It’s no surprise that such a powerful aesthetic gets immediately associated with Japanese fashion. And that its richness and playfulness has inspired many high-end designers. Take for example the Spring Summer 2017 season, when Marc Jacobs sent models down the runway sporting pastel-hued dreadlocks during New York Fashion Week. In Paris, Manish Arora presented a “Kawaii Kitch” collection, while Temperley London offered its own elegant take on Kawaii with bubblegum-colored gowns and eye-popping embroideries.
But calling it a just style seems all too vague. In Japan the cult of the cute is not a just trend or a fad, Kawaii is part of the social thread of Japanese culture. Behind the ruffles and candy colors there is a world which is much more complex and profound than people imagine it to be.

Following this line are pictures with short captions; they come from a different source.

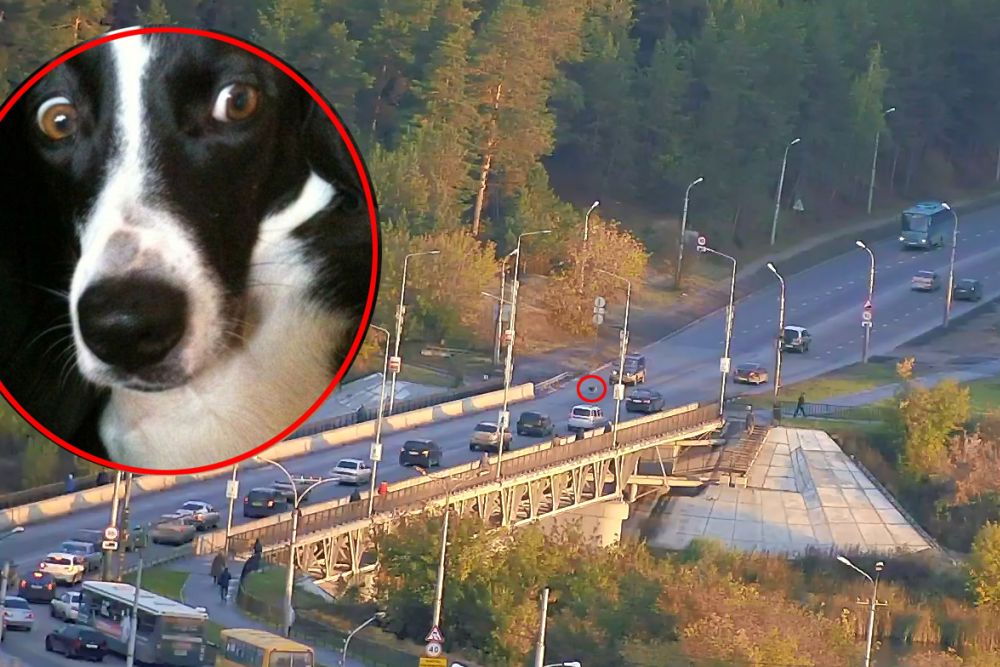 dog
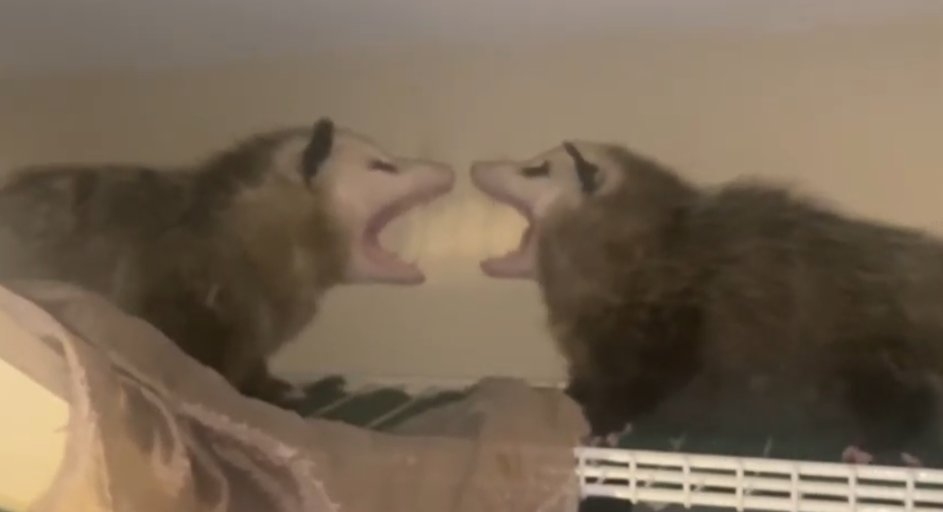 NightSkyPoss's tweet photo. "AAAAAAAAAAAAAAAAA"
"AAAAAAAAAAAAAAA- oh..." https://t.co/1j8cNVTjUX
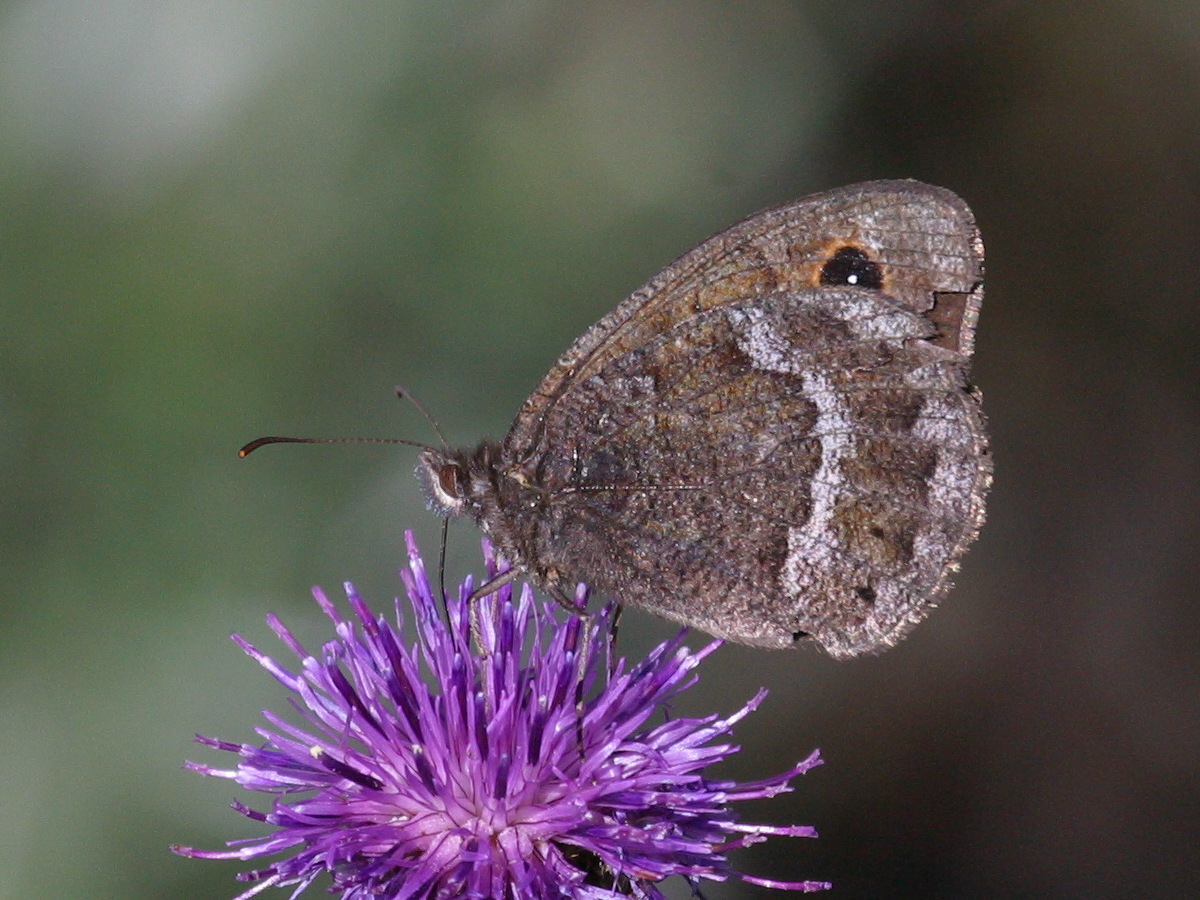 arethusana_arethusa1bd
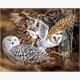 Diamond Painting Set DP238538 Owls 30 x 40 cm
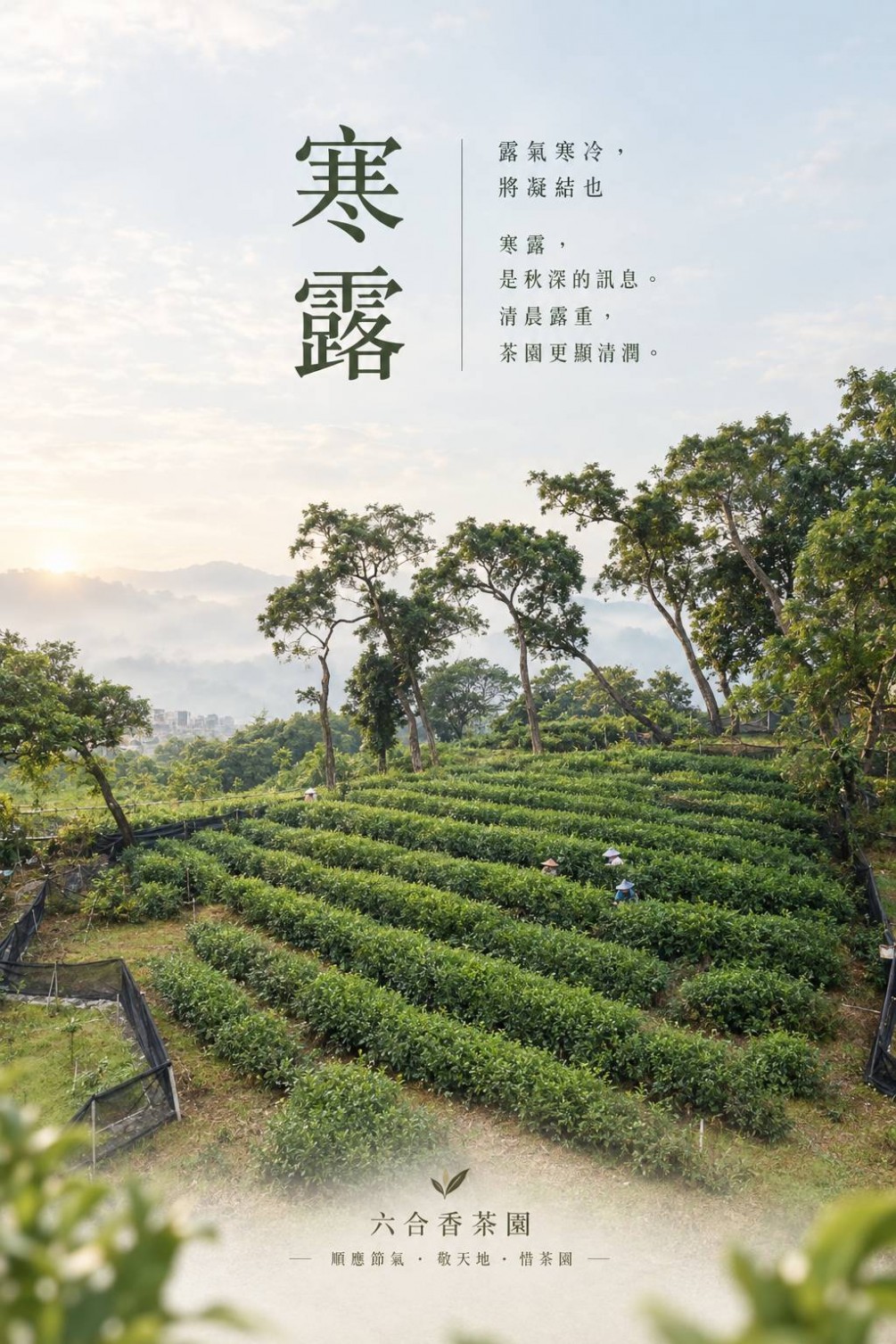 寒露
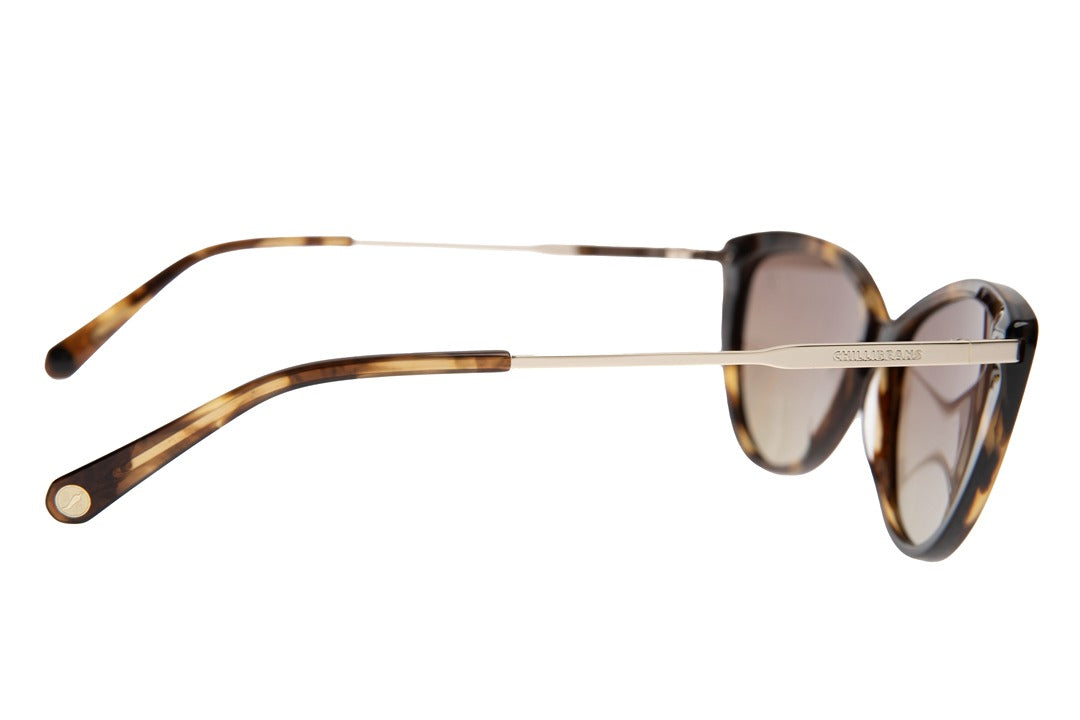 SUNGLASSES - OCCL4253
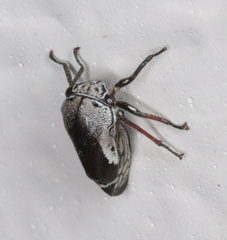 Xantholobus
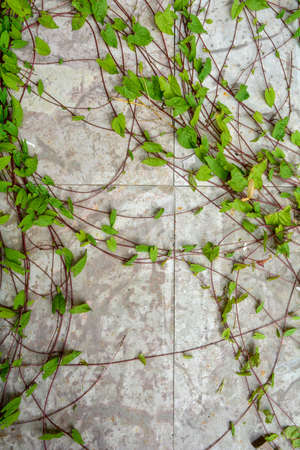 The texture of white nature stone marble floor or wall with some plants of ivy. White marble or granite floor with vines as nature backgroundの写真素材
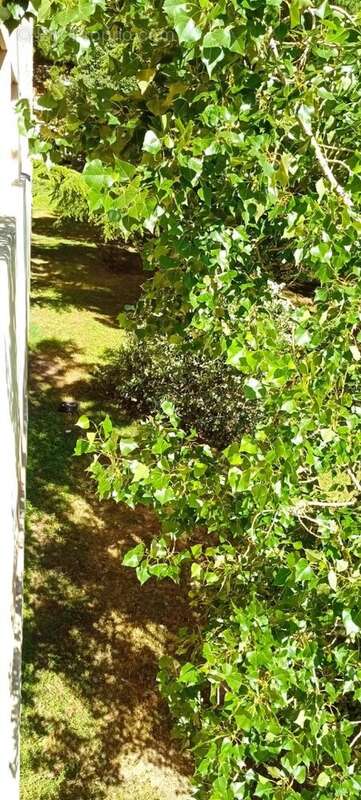 Appartement à MARSEILLE-12E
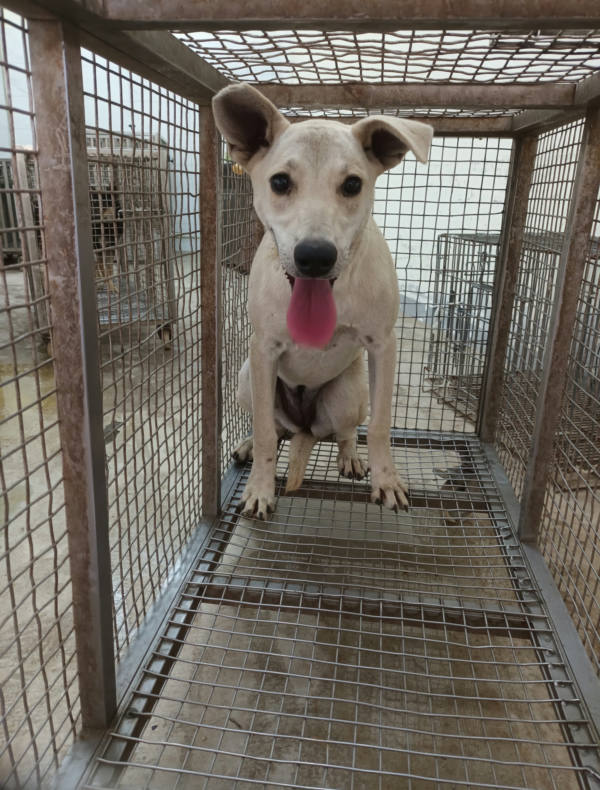 嘉義縣待認養狗 混種犬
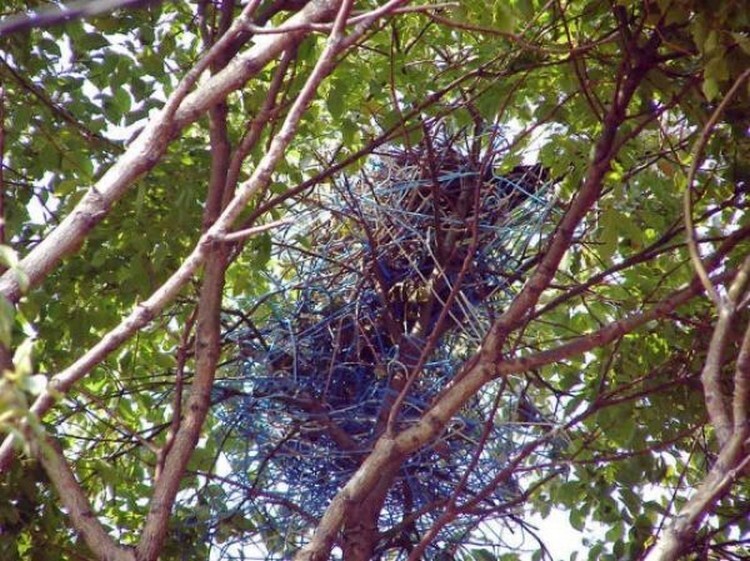 Токийские вороны строят гнезда из вешалок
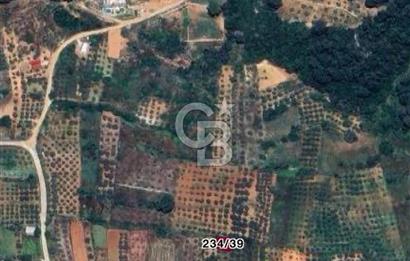 Menteşe Kuyucak Mükemmel Konumda Fırsat Tarla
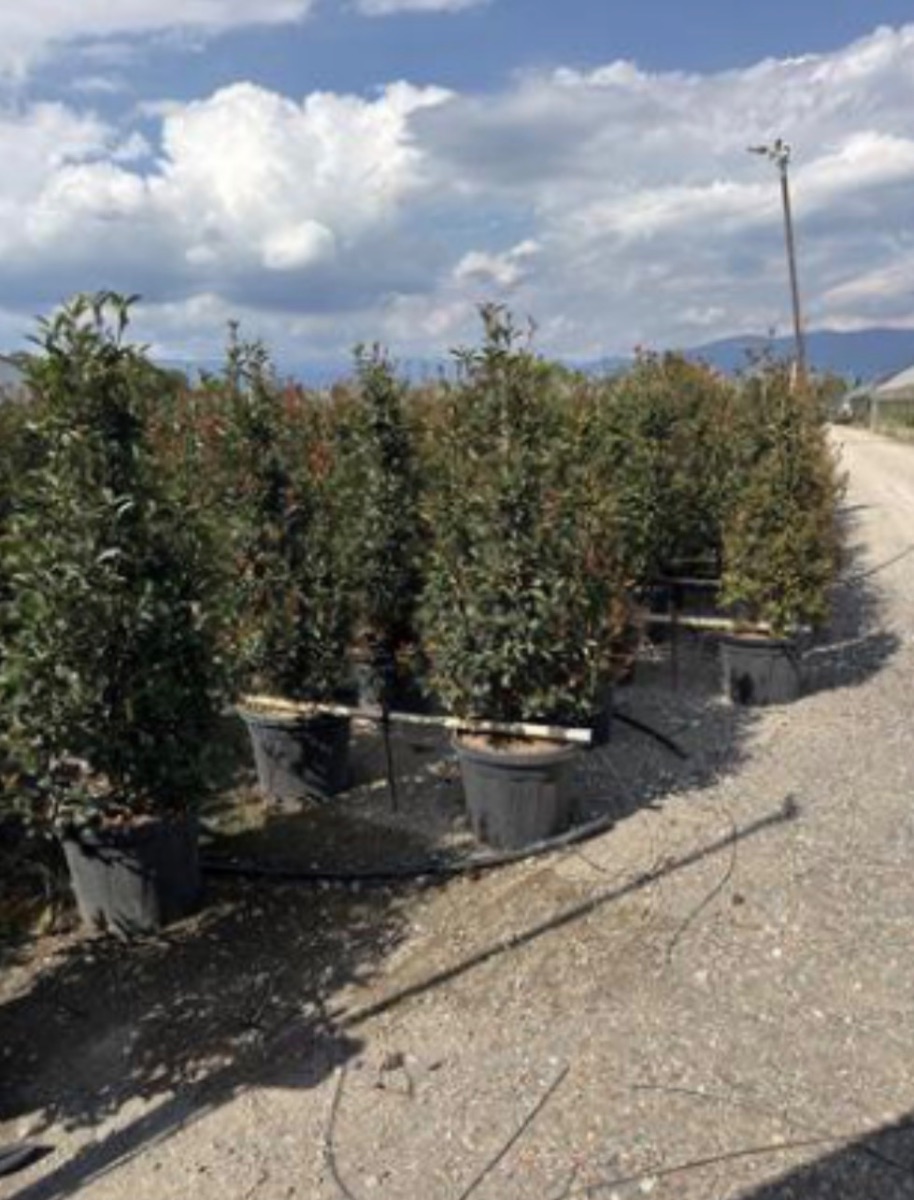 Photinia x fraseri 'Compacta'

“For Japanese culture Kawaii is an attitude. It’s a lifestyle that has to do with identity,” said Raul Sanchez Serrano, who has written extensively about Japanese culture. He explained to El País that the aesthetic has a more abstract and profound meaning which can perhaps be explained in its origin.
It’s said Kawaii started in the late 1960s when university students began rebelling against authority by reading Manga to protest against academic knowledge. This was later fueled by the takeoff of the shojo culture, which is a manga for teenage girls.
During the 70s and 80s Japan’s economy experienced significant growth, and so did the country’s consumer subcultures. Cute as a style became ubiquitous, appearing in everything from handwriting to fashion, music products, shops and even food.
To this day Kawaii still carries that subversive spirit. There is a part of the adult that wants to go against the norm, drawn from the spontaneity of the child and break away from the rigidity of the day to day, the pressures of work, debt and responsibility.
Cute becomes a way of resisting the adult world. And that’s not necessarily a bad thing. The fact that so many young (and not so young) women all over the world prefer a Hello Kitty backpack over a Prada bag, or a lollipop print dress over the latest Zara knock-off, is just a reminder that when we embrace our inner child, the world is again full of endless possibilities.